[Your task] Pull each line containing "welcome" from the data.

[Data for analysis]
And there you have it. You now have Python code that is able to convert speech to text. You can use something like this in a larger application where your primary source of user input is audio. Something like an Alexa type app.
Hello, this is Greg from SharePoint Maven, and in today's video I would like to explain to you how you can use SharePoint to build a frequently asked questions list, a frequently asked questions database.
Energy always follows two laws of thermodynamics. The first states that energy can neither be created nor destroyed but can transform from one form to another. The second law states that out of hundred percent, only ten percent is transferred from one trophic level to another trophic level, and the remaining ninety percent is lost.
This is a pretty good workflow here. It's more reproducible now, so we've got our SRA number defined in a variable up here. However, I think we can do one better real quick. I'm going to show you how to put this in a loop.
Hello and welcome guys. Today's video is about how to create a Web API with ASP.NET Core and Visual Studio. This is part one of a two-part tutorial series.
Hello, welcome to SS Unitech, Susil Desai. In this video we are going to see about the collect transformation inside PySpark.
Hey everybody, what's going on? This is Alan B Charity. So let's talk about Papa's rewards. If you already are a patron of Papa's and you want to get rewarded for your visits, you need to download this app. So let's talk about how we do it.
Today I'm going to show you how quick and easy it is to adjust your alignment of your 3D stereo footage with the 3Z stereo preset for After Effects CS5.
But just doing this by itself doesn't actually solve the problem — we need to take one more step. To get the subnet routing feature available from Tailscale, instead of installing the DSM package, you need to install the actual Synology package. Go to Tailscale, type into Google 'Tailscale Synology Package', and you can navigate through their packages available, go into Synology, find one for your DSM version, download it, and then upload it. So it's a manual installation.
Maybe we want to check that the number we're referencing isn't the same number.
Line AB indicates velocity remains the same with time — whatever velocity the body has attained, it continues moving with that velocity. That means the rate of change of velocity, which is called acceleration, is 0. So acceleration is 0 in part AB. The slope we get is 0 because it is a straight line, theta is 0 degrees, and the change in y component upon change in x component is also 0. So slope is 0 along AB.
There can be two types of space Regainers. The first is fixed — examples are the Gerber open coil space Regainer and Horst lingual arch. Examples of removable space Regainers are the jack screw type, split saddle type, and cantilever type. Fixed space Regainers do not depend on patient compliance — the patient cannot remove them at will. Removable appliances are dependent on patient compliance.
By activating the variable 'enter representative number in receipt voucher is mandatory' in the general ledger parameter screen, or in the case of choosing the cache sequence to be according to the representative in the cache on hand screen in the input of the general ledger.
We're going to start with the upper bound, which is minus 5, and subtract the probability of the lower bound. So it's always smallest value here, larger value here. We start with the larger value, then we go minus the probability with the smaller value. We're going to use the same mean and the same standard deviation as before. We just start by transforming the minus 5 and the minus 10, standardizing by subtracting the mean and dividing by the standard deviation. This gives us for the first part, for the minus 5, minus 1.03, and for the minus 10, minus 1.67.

[Exercise result]
Hello and welcome guys. Today's video is about how to create a Web API with ASP.NET Core and Visual Studio. This is part one of a two-part tutorial series.
Hello, welcome to SS Unitech, Susil Desai. In this video we are going to see about the collect transformation inside PySpark.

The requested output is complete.